SciTech

MBIC scientists develop novel method of cell imaging

Experimentalists are often faced with the task of staining cells for visualization under a microscope.

There are a variety of techniques to approach this problem, but they all pose the similar threat of yielding smeared or unclear results. However, thanks to groundbreaking research at Carnegie Mellon’s Molecular Biosensor and Imaging Center (MBIC), the process of cell imaging may have just taken one giant leap for biologists.

The visualization of proteins and biomolecules within a cell is traditionally accomplished in two ways. The first technique involves dyes, like malachite green and coomassie blue, which bind to a protein of interest and change the color of the solution.

This provides quantitative and spatial information about where the protein is located and how much of it is present in the sample. The information is directly proportional to the amount of dye that is added.

A second imaging technique involves the use of fluorescence molecules — most commonly the green fluorescent protein, or GFP. This protein is extracted from the jellyfish Aequorea victoria and emits a brilliant green color when exposed to blue light.

The fluorescence can be seen under a fluorescent microscope. GFP is genetically expressed in various organisms using viral vectors, making them useful illuminators of specific biomolecules within cells.

However, both dyes and fluorescent molecules pose a nagging problem: background disturbance. Unbound dye molecules are visible in a sample, making the resulting image ambiguous and muddy. The fluorescence given off by fluorescent molecules like GFP can sometimes wash out the entire image, obscuring the molecule of interest.
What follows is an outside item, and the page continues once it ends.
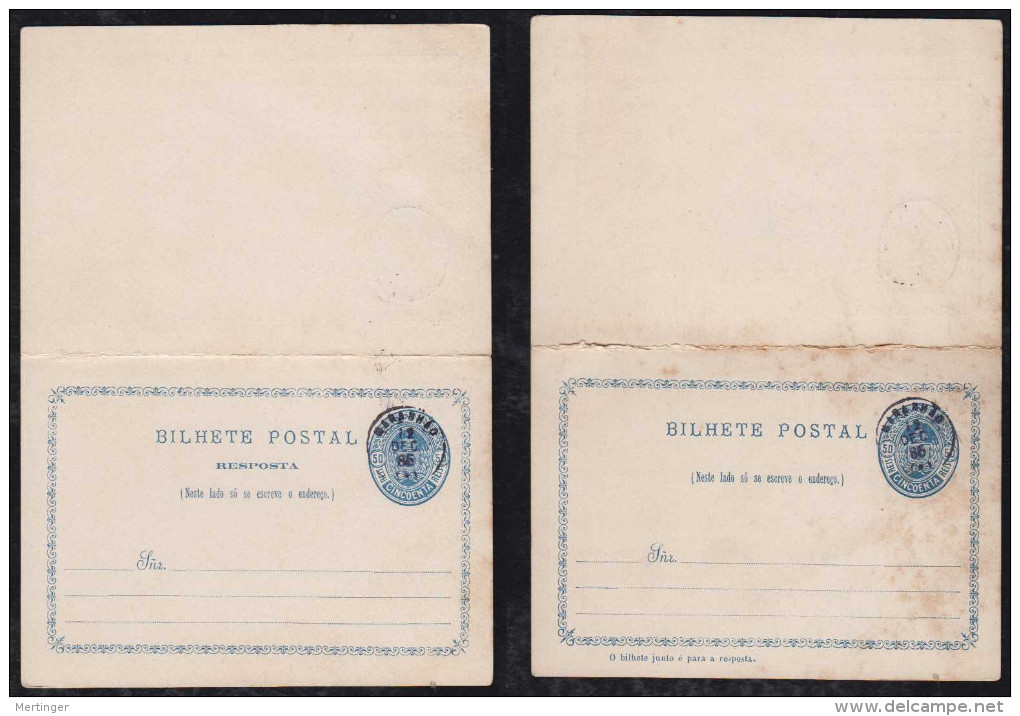 Brazil Brasil 1886 BP7 Answer/question Stationery Card MARANHAO Postmark - Briefe U. Dokumente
“There are huge issues of signal to noise,” said Chris Szent-Gyorgyi, a researcher at the MBIC who headed the effort to isolate fluorogen activating proteins (FAPs), in reference to cell imaging. FAPs are fragments of antibody molecules that can be genetically expressed on an experimenter’s molecule of choice; they create a binding pocket for free-floating dye molecules. When a dye molecule binds to the FAP, the binding event causes it to fluoresce.
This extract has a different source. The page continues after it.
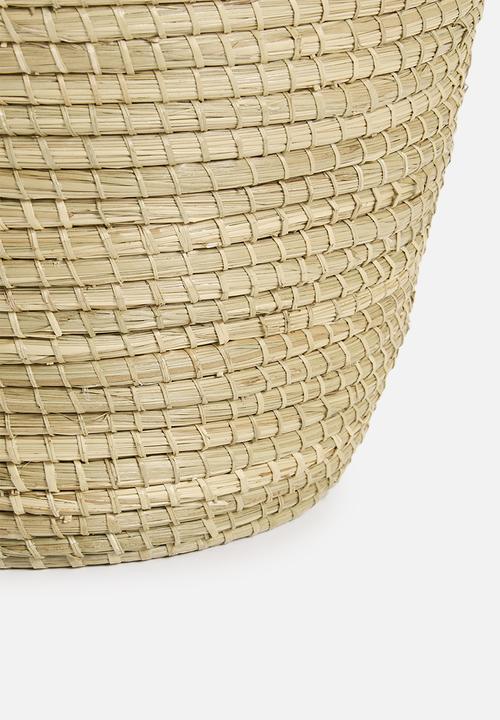 Sixth Floor - Large Seagrass Laundry basket - Natural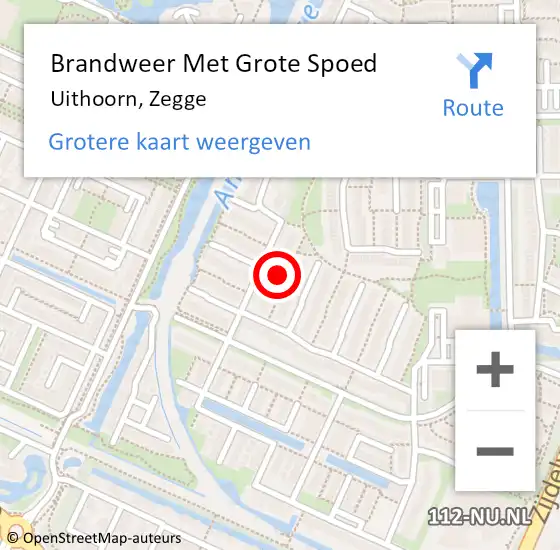 Locatie op kaart van de 112 melding: Brandweer Met Grote Spoed Naar Uithoorn, Zegge op 26 december 2021 08:33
“If you’re going to detect 10 or 20 molecules inside a cell and visualize them and localize them, that is not a small task,” Szent-Gyorgyi said.

FAPs are a type of single-chain variable fragments (scFv) composed of a full-size antibody. The scFvs were generated and isolated from a yeast cell library expressing 50,000 to 100,000 scFvs. This allowed scientists to specifically extract fragments that induced fluorescent properties in otherwise non-fluorescent dyes.

The team was able to isolate two non-fluorescent dyes that exhibit this property of induced fluorescence when bound to an scFv: thiazole orange and malachite green.

“What you want, in this case, is a situation where you have a dye that finds a target in a highly specific way and fluoresces,” Szent-Gyorgyi said.
“If the dye is initially dark, and it does not interact adventitiously [randomly] with other cell components and provide background fluorescence, then you have a system whereby you can simply add your dye to a living cell that contains a genetically engineered component,” he added.

FAP technology is a vast improvement from traditional methods of cell imaging because light is given off only when a dye is bound to the FAP. This eliminates background interference from free-floating dye molecules. The mechanism behind FAP technology can be understood by visualizing the FAP as a plastic cup bound to a string.

The string can be pinned onto any number of biomolecules — from cell-surface receptors for scientists studying the cell membrane to intracellular signaling molecules.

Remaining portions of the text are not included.